The second reason that it isn't
surprising that Miral's presence in the hallways of a
working Starbase went unnoticed is just because Miral Paris was
quarter-Klingon. Centuries of instinct don't fade easily and something told the
little girl that she should be stealthily creeping along the corridor wall,
ducking behind every potted plant and through every hidden nook and cranny she
could find. She had this sense that if her presence was known by the officers
on the Deck that they'd be very unhappy with her and at the least send her back
to the daycare center. However, since she still stubbornly held on to the
thought that her mother would be overjoyed to see her, Miral kept stalking her
way through the corridor until she found a turbolift.
Fortunately for her, unlike the
nursery doors, the doors to the turbolift noticed her
presence and she entered it without any problems. At this point it occurred to
her that she didn't know where her mother worked on the Starbase, so she did
what seemed to a four year old the most logical course of action. She asked the
empty turbolift.
"'Scuse me, where does my mommy work?"
"Please restate
parameters."
"My mommy!
Where is she?"
"Please restate parameters.
Specify name when requesting location."
Miral was catching on. "Where
is my mommy, B'Elanna Torres?"
"Lt.

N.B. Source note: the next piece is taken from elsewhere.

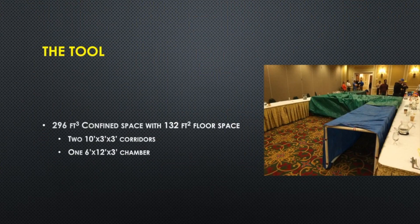What we're talking about is a tool, a tool for teaching. This is a 296 cubic foot confined space with 132 square feet of floor space, basically composed of two 10 by 3 by 3 corridors and one 6 by 12 by 3 chamber. The idea is that this is a space you can use to teach in that plays to people's stresses and forces them out of their environmental comfort zone.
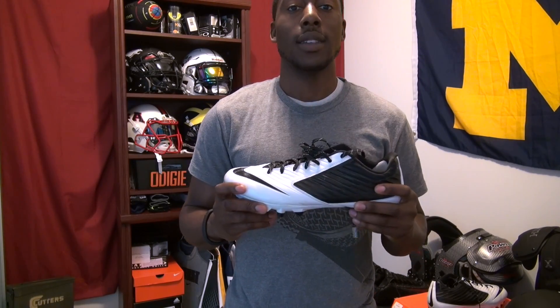This cleat is $99. You can get it from Nike or from a lot of various sports places — look online. I saw a few colors: a black base with white, blue, or red on the toe, and a white base with some other colors. Go ahead and check it out. If you like my review, remember to give me a thumbs up, share, subscribe, and I'll see you guys next time.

Commander B'Elanna
Torres-Paris is on Deck 15."
"Okay." Miral waited a
minute for the turbolift to take her to her mommy.
When nothing happened, she turned her attention back to the turbolift.
"Take me to my mommy,
please," she asked in the sweetest voice she could muster.
"Please restate
parameters."
Miral was now thoroughly frustrated
with the obstinate turbolift, and so she now tried
force. In her little voice she growled at the turbolift.

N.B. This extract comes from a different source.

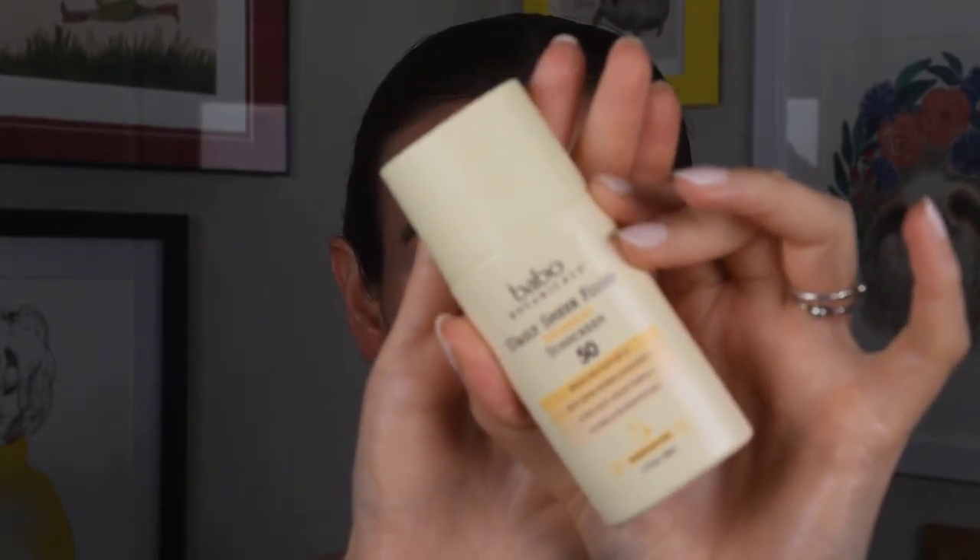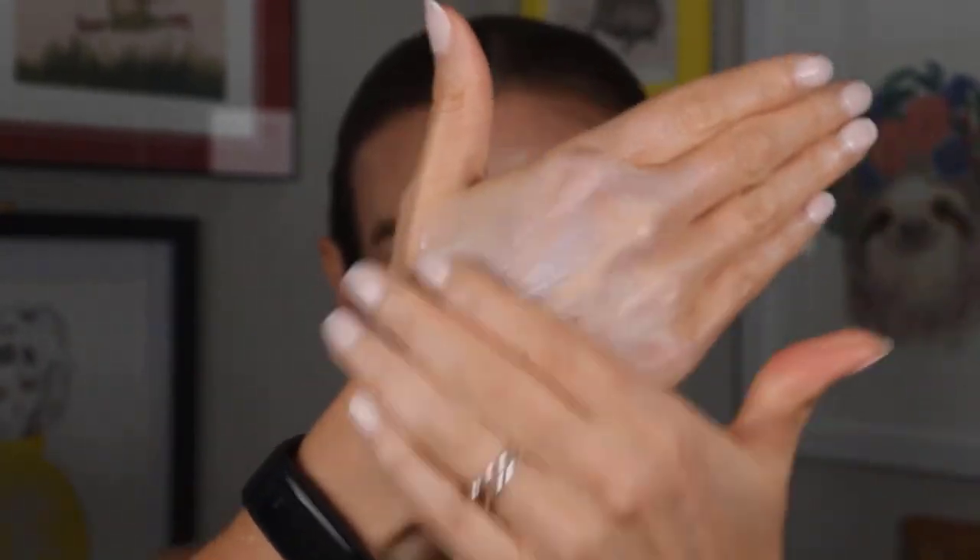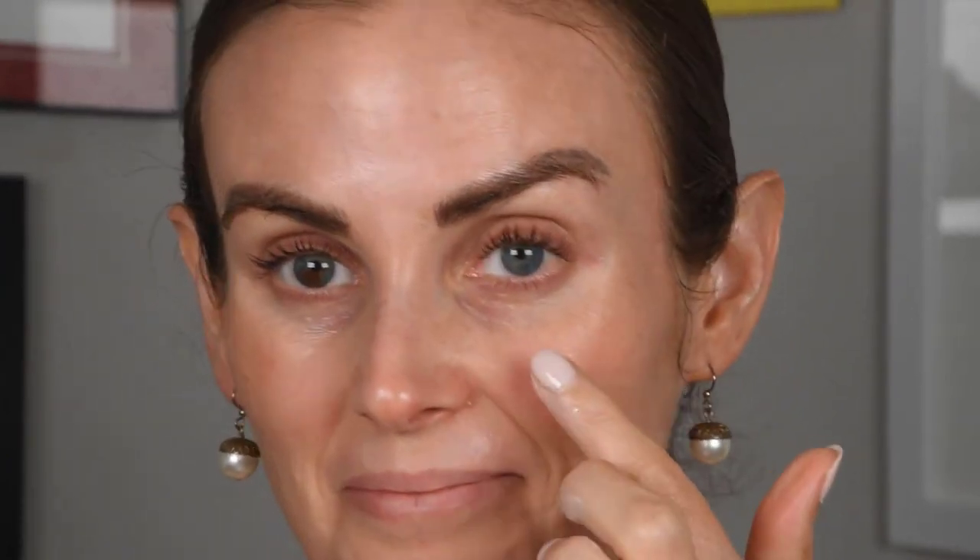I'm going to wash these off and put the next round on. Next up we have two: the Babo Botanicals Daily Sheer Fluid Mineral Sunscreen SPF 50, and the Dr. Andrew Weil for Origins Mega Defense SPF 45. Let's try them on both sides of my face. With the Babo, I want to warn you — go in with as small an amount as you can at first, blend it, then do another layer, which is what I'm going to do.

"Take me to my mommy! NOW!" She paused for a
moment's thought. "My mommy's on Deck 15. Take me to Deck 15!"
The turbolift
finally took off towards its destination and after a moment, stopped at a
deserted corridor.
"Thank you very much,"
Miral told the turbolift as she left it and skipped
off down the hallway, entering in the first door she could find.
* * * *
* * PROJECT
OMNI - OFFICE OF COMPUTER SYSTEMS SUPPORT * *
When Miral entered the room, it occurred
to her that its inhabitants' mommies must always be very mad at them. Her mommy
would never let her leave her room like
they left this room, with their toys all thrown around and piled up in corners.

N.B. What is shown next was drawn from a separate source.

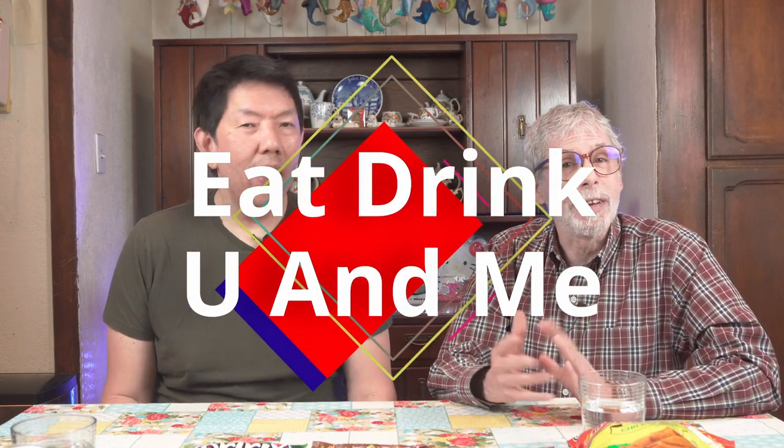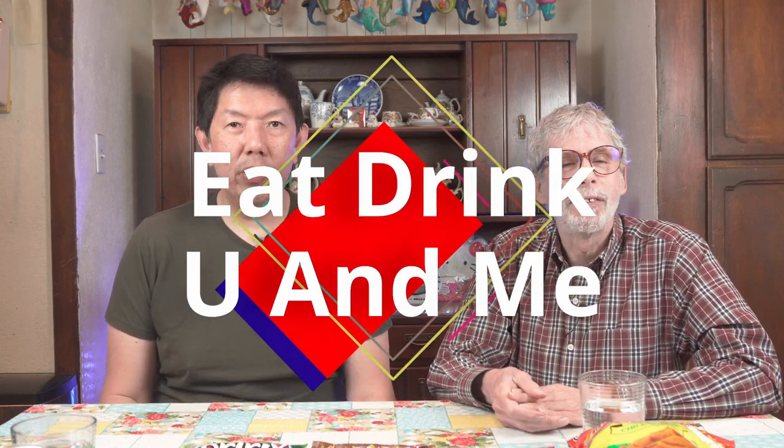Hi, I'm Vincent. And I'm Terry. And welcome to another episode of Eat Drink You and Me. Today we're going to be doing some corn chips from Guatemala.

She couldn't see her mommy here. In
fact, she couldn't see anything. The
pile of junk littering the floor made doing so impossible, so she quickly
scanned the room for a place where she could see over the debris. She found a
wooden table to her left. Around the base was situated the same clutter that covered
the rest of the floor, and on top of the table sat a series of three black
boxes, out of which came scratchy music.
Miral made her way through to the
nearby table and, standing on some of the stuff on the floor, she managed to
scale the height. She pulled herself onto the table top and plopped herself
down behind one of the three boxes. She stuck her head out from behind her
hiding spot and could now see the room in its entirety.
Unfortunately, her mother wasn't in
this room. Instead two figures sat, engrossed in work. The closest figure was a
lanky human with dark hair seated behind a computer console. Nearby on a
workbench, another human of similar build but with lighter hair was hunched
over some half-built device. The second man would occasionally pick something
out of the junk pile and connect it to the device, examine the combination
closely and then put the new part back in the pile. Presently, he attached a
different piece from the pile onto his device and a strange noise sounded from
the device, followed by a shower of sparks.
Zzzzzzit!
"Arrrgh! Son of a… Yeow!" The man shook
his hand violently and sucked his index finger.
The first man spoke up. "Not
having any luck with that corrupt circuitry, Dave?"
"Ow!
Yeah, Frank, I guess you could say that. I did some rewiring here, but it just
exploded like a defective pack of sparklers… "
Lt. Frank Hall looked up from his
console at Lt. Dave Forrester and gave a small chuckle. "Don't worry Dave;
I'm sure you'll get it sometime."
"So how's the debugging
going?"
"Good. I've been at it for an
hour and I'm almost done with the subroutine. One down, twenty four more left
to go," he added with a grimace.
Dave chuckled at the sarcastic jibe,
"Well, good luck, but I hope you aren't looking to trade jobs here. I'd
rather be shocked than sit squinting at that terminal all day long."
Frank had heard this all before and
let out an audible groan. "Okay, just don't give me the 'I'm a hardware
person speech' again."
"I don't repeat things that
much, do I?"
Frank chuckled again but then added
with good natured sarcasm, "Nah, you don't, Dave…"
Meanwhile, on the wooden table and
concealed behind a stereo speaker, Miral had quickly lost all interest in this
room. It was clear to her that her mother wasn't here and the two occupants of
the room were no fun at all. So she scrambled for the edge of the table and
promptly fell off, smashing the equipment strewn on the floor.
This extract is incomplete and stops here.